This initial review confirmed that a lack of contextual detail, both in trials in general [33], and interdisciplinary studies in particular [34], makes it difficult to isolate the “ingredients” of effective interdisciplinary team work. Specifically, the research team identified a lack of “thickness” in the detail on context, team roles, and processes from the review of the RCTs. In the absence of mixed-method studies, suggested as a priority for future research by a recent review [34], the team designed a supplementary review strategy. This strategy examined findings from qualitative research on interprofessional team processes, independent from the RCTs. Inclusion criteria for the supplementary review were studies between 2000 and 2010 involving an interprofessional team in CRAICs which included data focused on team processes. This complementary review identified 20 studies to supplement previous findings. The findings of the separate evidence bases from qualitative and quantitative studies were brought together and isolated to a data extraction table. Themes were identified using a constant comparative method [35] and then each study was coded appropriately. The constant comparative method involves the incorporation, collation and comparison of newly collected data with existing or previous data collected from earlier studies. Thematic synthesis was used to look for common patterns across studies [36].

Team perspectives

Eleven CRAICs, including 253 staff were recruited to participate in an action research study, which examined the impact of implementing the IMT on service provision and outcomes for patients and staff. NHS ethics approval was obtained on 11 September 2008 (08/H1004/124). All participating team members provided written consent for their involvement in this research.

The IMT intervention was implemented through a series of semi-structured workshops with the support of a trained facilitator. These workshops included an initial, full day “Service Evaluation Conference” to ascertain each team’s values, needs, and priorities, and then a series of half day “Team Learning Sets” designed to allow for reflective evaluation of their team practice. The activities undertaken included the identification of issues and priority actions that each team wanted to pursue and exploration of what they considered to be “characteristics of a good team”. The workshop outcomes were detailed in reports and action plans that guided the implementation of their proposed changes. These reports and plans provided the basis of the data for the team perspectives. The data were entered into NVivo version 8.0 and coded thematically to explore the characteristics of a good team.

Results

Results from the thematic synthesis of the literature

Through the use of the constant comparative method, the thematic synthesis of the literature identified sixteen analytical themes with up to 12 descriptive characteristics in each theme. The identified themes and their characteristics are presented in Table 1.

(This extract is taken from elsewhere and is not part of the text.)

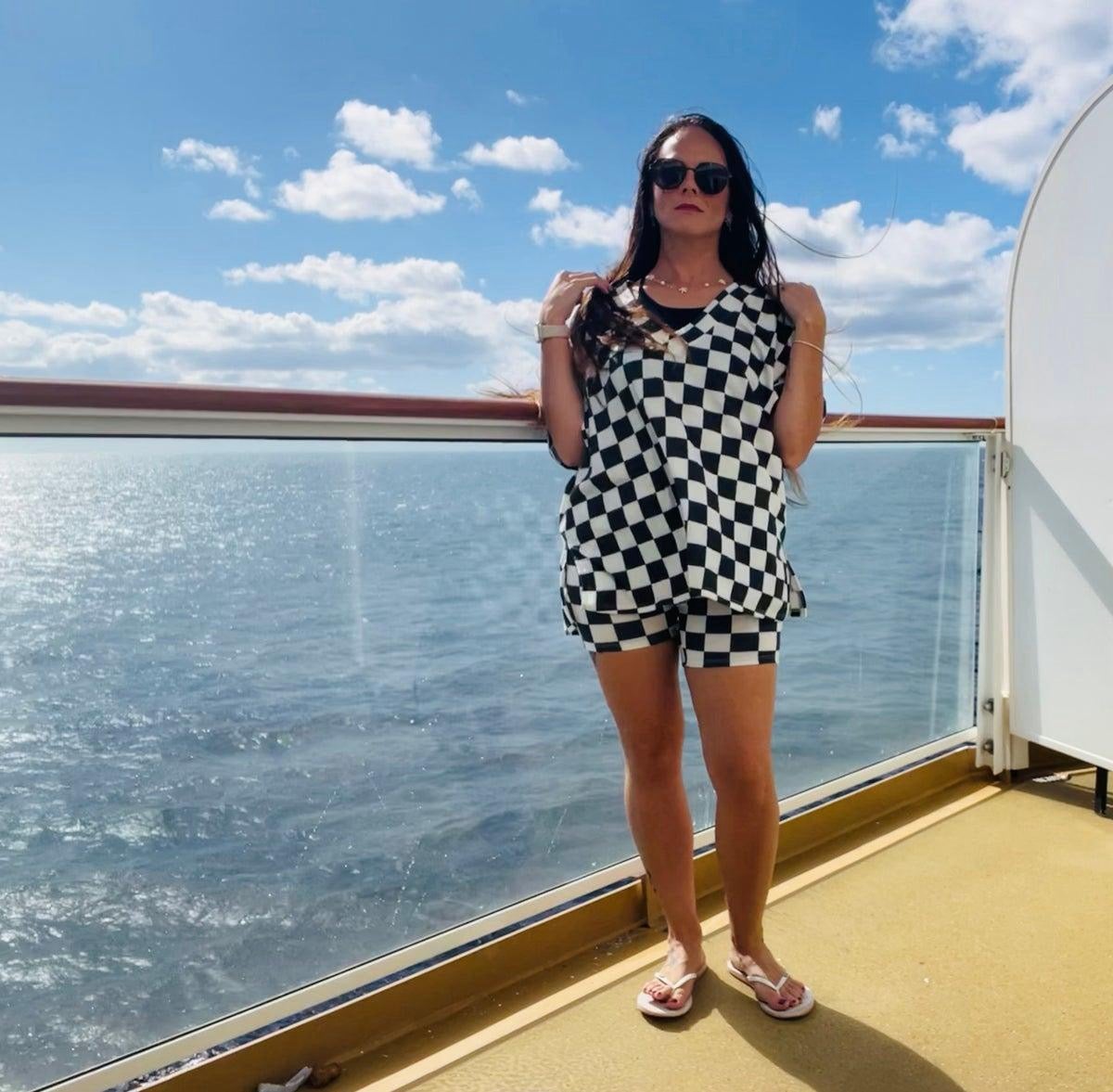 The Retro Luxe Checkerboard Two - Piece Set - Bella Blossom Boutique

Table 1. Results from the thematic synthesis of the literature

These themes highlight the defining characteristics of interdisciplinary team work. They recognize the important role that leadership plays for the complex communication and coordination necessary among different groups of professionals and non-professionals. They also demonstrate the need for both flexibility and clarity of roles when the bodies of knowledge of distinctive professional groups are shared, protected, and preserved.

Results from the data on team perspectives

Two activities undertaken as part of the IMT workshops provided data representing the teams’ perceptions of the important components of interdisciplinary team work. These activities were (1) the identification of characteristics associated with ‘a good team’ and, (2) the challenges chosen by the teams as issues on which they considered focusing their action plans.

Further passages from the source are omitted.